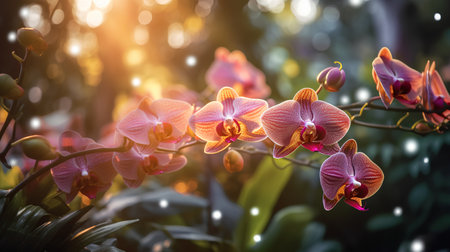 Beautiful orchid flowers blooming in the garden with sunlight.の素材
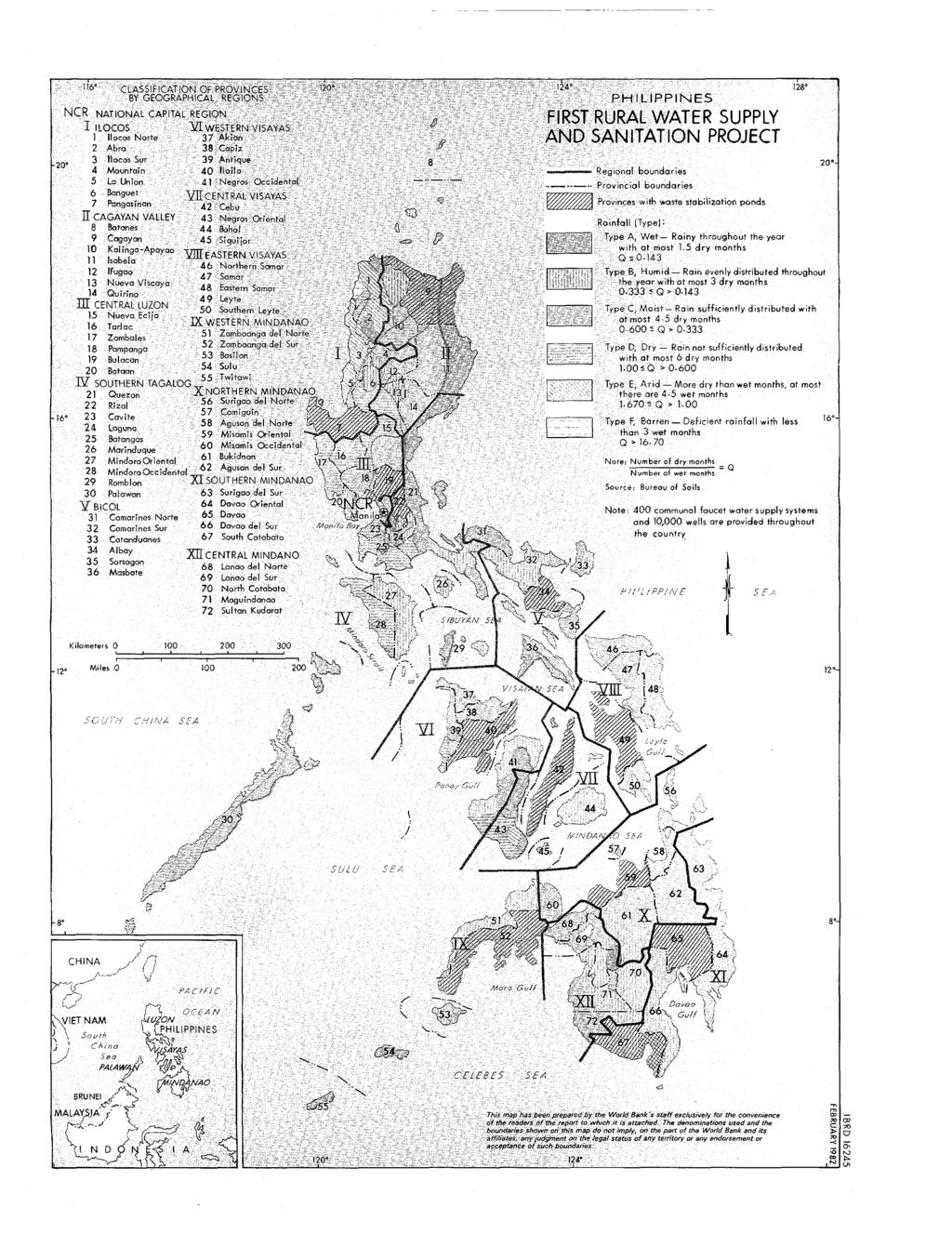 1;6' CLASSIFICATION OF PROVINCES 120' 124' 128' BY GEOGRAPHICAL REGIONS PHILIPPINES NCR NATIONAL CAPITAL REGION FIRST RURAL WATER SUPPLY I ILOCOS VI WESTERN VISAYAS 9FRT I UALW Ihloos ERSP Y Norte 37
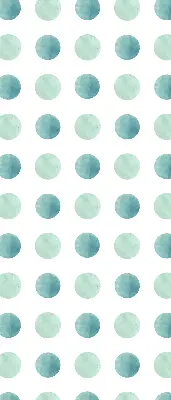 Modern roller blind with turquoise dots on a white background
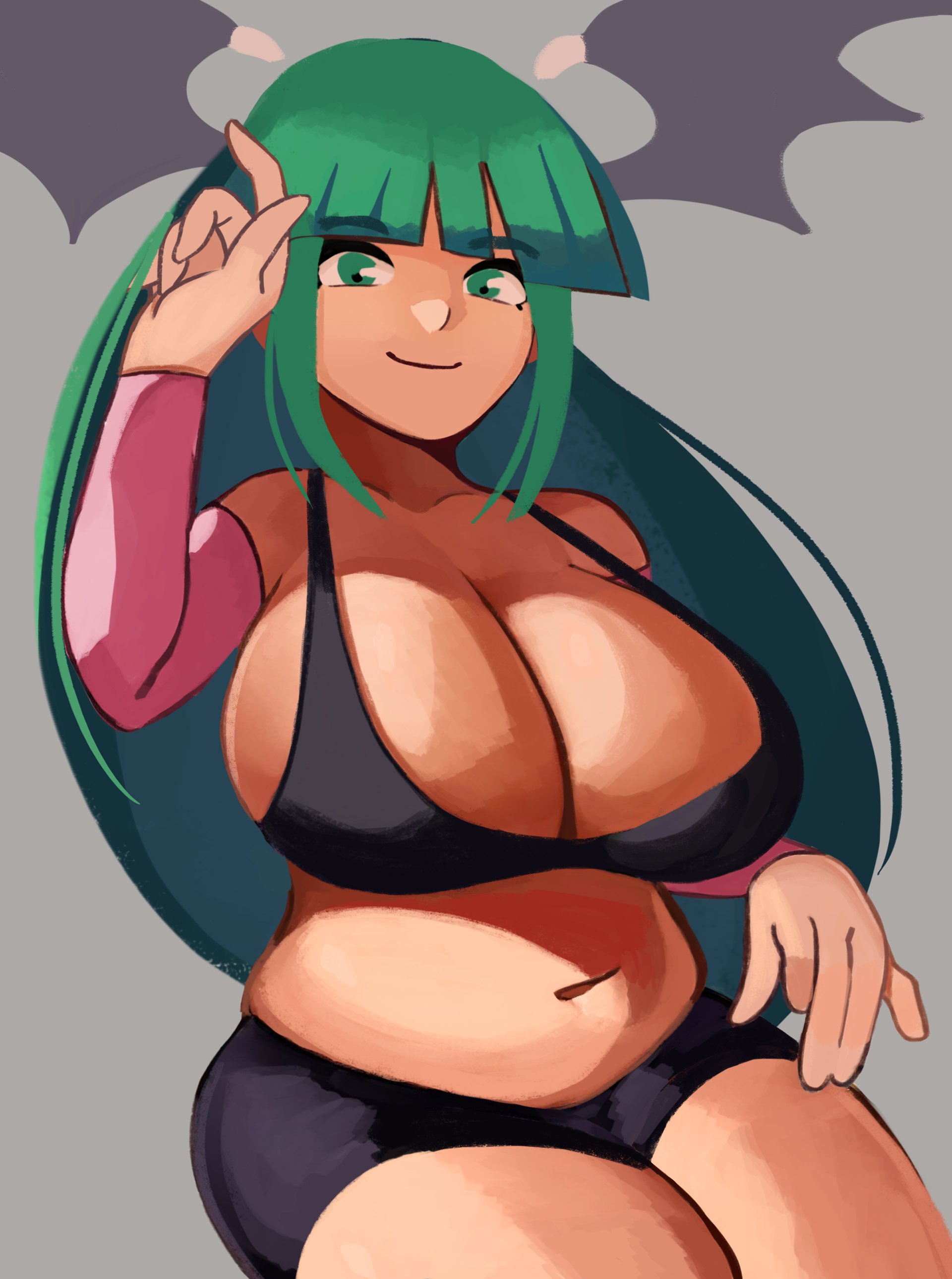 1girls, bra, breasts, chubby, cleavage, clothing, cute, darkstalkers, demon, female, female only, green eyes, green hair, head wings, hime cut, huge breasts, large breasts, long hair, looking at viewer, morrigan aensland, navel, plain background, shorts, sitting, smile, solo, sports bra, succubus, thick, thick thighs, xenoglitch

※

> **YOUR GOAL**:
Reproduce, word for word, every line from the one that contains "Modern roller blind" to the end of the data, including both ends; omit all pictures.

> **RESPONSE TO THE EXERCISE**:
 Modern roller blind with turquoise dots on a white background
 1girls, bra, breasts, chubby, cleavage, clothing, cute, darkstalkers, demon, female, female only, green eyes, green hair, head wings, hime cut, huge breasts, large breasts, long hair, looking at viewer, morrigan aensland, navel, plain background, shorts, sitting, smile, solo, sports bra, succubus, thick, thick thighs, xenoglitch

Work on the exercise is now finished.